VICK CRISTINA BARCELONA


Escrito por Allen como de hábito, o longa gira em torno das duas amigas do título que, durante as férias, decidem passar três meses em Barcelona: Vicky é uma acadêmica cujo mestrado aborda a cultura catalã e que está noiva de um executivo de Nova York, ao passo que Cristina é uma jovem instável que ainda não descobriu sua verdadeira vocação ou mesmo o que busca no amor. Hospedadas na casa de uma parenta de Vicky, elas conhecem o pintor Juan Antonio (Bardem), cujo casamento com a também pintora Maria Elena (Cruz) chegou ao fim quando esta o esfaqueou. Logo as duas moças se vêem atraídas pelo espanhol, embora Vicky, como uma autêntica alter-ego do diretor, resista ao impulso de se entregar em função de todas as suas objeções neuróticas. O triângulo amoroso se complica, porém, ao tornar-se um quadrado com o retorno de Maria Elena.
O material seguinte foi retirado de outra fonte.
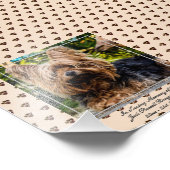 Liefdevolle Herinnering Jack Russell  FOTO Naam Aa Foto Afdruk (Hoek)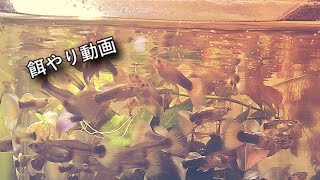 グッピー餌やり 【熱帯魚 アクアリウム】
Banhado em cores quentes que retratam Barcelona como uma cidade de prazeres e sensações intensas, o filme faz uma belíssima utilização dos pontos turísticos do lugar: evitando transformar o longa num mero cartão postal, Woody Allen emprega a arquitetura de Gaudí como um comentário sobre os próprios personagens, que, refletindo o estilo que marcou a obra do catalão, são criaturas tão complexas e aparentemente tão instáveis que mal compreendemos como podem se manter funcionais. Da mesma forma, as músicas que atravessam a narrativa – e que pontuam o único aspecto passional do temperamento de Vicky – não só comentam como também compõem aquele universo repleto de paixões e personalidades tempestuosas.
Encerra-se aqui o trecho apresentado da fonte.